[Short web captions]
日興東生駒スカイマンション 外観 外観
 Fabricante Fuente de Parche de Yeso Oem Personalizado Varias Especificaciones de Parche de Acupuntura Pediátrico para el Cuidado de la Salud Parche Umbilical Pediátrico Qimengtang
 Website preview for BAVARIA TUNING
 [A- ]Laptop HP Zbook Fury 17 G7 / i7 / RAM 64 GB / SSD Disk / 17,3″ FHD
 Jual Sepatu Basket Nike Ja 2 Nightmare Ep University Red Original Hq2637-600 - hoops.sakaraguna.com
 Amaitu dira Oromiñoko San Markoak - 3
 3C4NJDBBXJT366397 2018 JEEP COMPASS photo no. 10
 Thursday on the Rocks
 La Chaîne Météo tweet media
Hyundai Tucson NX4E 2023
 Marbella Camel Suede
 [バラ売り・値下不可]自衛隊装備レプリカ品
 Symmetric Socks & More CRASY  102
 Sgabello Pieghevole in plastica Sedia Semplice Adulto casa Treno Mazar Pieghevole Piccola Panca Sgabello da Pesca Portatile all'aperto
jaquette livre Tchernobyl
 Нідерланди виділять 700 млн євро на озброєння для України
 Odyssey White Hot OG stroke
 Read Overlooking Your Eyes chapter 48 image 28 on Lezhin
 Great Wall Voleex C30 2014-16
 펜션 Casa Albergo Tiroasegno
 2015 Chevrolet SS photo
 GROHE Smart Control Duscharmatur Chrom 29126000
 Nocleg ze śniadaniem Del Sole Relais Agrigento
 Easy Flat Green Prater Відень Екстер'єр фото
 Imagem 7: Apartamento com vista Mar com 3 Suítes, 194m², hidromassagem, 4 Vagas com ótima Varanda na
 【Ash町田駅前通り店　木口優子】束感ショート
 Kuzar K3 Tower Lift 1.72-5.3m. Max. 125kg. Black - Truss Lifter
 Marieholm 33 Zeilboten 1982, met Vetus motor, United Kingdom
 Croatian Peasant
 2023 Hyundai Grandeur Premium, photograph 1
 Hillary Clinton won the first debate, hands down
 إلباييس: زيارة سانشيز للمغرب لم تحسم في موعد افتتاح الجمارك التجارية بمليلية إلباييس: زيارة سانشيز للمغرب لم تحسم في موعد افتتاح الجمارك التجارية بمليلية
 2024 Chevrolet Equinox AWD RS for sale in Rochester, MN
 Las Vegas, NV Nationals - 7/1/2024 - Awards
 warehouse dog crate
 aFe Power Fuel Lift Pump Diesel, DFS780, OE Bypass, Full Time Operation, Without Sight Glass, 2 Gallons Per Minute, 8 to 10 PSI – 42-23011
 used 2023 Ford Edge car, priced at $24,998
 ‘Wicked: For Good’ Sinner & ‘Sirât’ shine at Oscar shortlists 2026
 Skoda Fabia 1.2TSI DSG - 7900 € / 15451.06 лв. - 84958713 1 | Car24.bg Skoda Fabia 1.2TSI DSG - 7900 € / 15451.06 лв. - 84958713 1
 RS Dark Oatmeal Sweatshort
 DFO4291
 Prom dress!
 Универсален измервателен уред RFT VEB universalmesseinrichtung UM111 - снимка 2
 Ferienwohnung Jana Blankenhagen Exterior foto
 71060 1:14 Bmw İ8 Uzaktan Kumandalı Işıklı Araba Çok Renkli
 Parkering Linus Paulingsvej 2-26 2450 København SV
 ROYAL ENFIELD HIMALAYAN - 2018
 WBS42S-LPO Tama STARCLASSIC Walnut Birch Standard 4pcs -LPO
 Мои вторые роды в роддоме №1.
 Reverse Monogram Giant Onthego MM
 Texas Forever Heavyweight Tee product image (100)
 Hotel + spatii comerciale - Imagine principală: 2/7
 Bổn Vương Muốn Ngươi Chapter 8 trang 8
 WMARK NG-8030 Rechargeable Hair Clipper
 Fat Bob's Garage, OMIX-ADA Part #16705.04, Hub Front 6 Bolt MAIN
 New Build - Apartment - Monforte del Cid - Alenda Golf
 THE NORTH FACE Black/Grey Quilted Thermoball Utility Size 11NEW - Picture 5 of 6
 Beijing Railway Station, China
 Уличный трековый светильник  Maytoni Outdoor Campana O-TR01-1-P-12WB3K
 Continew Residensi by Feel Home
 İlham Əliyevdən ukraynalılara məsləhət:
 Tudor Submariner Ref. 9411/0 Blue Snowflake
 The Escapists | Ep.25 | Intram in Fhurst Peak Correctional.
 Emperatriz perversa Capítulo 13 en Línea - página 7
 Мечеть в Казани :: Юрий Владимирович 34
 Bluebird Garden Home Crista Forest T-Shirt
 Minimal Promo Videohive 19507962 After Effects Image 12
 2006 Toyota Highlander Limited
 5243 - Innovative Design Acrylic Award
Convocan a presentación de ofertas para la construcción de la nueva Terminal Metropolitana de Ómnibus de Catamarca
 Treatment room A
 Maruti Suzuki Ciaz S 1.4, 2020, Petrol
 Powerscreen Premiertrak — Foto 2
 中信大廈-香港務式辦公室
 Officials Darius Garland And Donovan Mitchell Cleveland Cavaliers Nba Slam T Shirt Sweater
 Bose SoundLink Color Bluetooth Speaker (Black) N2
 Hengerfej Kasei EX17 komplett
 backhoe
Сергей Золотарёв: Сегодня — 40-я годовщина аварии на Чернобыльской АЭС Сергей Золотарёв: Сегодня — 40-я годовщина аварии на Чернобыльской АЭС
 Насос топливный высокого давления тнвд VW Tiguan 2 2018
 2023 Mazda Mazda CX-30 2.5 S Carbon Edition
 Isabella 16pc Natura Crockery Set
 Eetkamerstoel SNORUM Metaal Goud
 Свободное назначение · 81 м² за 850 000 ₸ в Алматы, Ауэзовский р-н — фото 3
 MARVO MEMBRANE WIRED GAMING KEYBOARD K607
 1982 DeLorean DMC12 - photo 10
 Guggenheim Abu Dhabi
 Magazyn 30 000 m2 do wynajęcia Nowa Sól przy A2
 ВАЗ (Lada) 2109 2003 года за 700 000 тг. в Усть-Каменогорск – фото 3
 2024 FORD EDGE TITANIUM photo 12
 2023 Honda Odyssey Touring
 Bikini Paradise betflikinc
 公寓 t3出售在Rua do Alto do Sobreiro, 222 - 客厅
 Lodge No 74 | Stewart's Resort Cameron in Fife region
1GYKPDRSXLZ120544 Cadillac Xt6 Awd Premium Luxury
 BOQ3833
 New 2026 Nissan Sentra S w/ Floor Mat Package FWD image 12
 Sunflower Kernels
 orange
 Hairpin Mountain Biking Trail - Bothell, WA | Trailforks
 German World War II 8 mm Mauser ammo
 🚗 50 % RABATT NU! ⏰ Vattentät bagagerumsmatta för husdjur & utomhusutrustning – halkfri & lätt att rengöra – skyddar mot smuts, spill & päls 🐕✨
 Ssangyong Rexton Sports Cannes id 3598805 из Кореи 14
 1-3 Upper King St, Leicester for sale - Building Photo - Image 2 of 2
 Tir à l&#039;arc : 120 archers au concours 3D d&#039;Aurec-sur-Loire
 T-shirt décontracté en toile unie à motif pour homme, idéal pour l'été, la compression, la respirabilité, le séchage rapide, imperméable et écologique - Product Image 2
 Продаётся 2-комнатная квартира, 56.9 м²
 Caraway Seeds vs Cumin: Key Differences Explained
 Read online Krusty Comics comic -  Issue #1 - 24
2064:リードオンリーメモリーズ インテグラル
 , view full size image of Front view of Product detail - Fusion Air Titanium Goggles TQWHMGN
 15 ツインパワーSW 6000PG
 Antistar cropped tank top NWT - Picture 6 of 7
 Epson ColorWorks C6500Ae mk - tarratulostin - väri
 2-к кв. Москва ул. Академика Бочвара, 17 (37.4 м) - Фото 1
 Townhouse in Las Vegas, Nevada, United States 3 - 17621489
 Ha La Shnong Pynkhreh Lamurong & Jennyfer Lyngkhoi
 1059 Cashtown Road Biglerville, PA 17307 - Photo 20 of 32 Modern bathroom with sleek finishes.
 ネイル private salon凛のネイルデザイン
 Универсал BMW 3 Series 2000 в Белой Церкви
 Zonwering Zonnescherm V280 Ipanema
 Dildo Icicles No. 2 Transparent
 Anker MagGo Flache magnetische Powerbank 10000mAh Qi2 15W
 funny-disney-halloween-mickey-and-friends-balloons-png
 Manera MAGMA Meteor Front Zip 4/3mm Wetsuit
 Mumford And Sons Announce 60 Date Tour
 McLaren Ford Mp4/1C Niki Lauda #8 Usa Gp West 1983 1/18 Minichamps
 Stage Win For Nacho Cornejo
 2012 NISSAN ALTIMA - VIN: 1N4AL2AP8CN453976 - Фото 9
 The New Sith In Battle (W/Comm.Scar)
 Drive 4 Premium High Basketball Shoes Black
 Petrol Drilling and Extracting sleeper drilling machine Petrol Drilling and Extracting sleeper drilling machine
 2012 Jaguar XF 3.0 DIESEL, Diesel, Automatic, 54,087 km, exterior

● Activity: Starting at the line that has "Read online Krusty" in the records above, restate word for word every line until the one that has "ネイル private salon凛のネイルデザイン", and include that one as well.

● Written response:
 Read online Krusty Comics comic -  Issue #1 - 24
2064:リードオンリーメモリーズ インテグラル
 , view full size image of Front view of Product detail - Fusion Air Titanium Goggles TQWHMGN
 15 ツインパワーSW 6000PG
 Antistar cropped tank top NWT - Picture 6 of 7
 Epson ColorWorks C6500Ae mk - tarratulostin - väri
 2-к кв. Москва ул. Академика Бочвара, 17 (37.4 м) - Фото 1
 Townhouse in Las Vegas, Nevada, United States 3 - 17621489
 Ha La Shnong Pynkhreh Lamurong & Jennyfer Lyngkhoi
 1059 Cashtown Road Biglerville, PA 17307 - Photo 20 of 32 Modern bathroom with sleek finishes.
 ネイル private salon凛のネイルデザイン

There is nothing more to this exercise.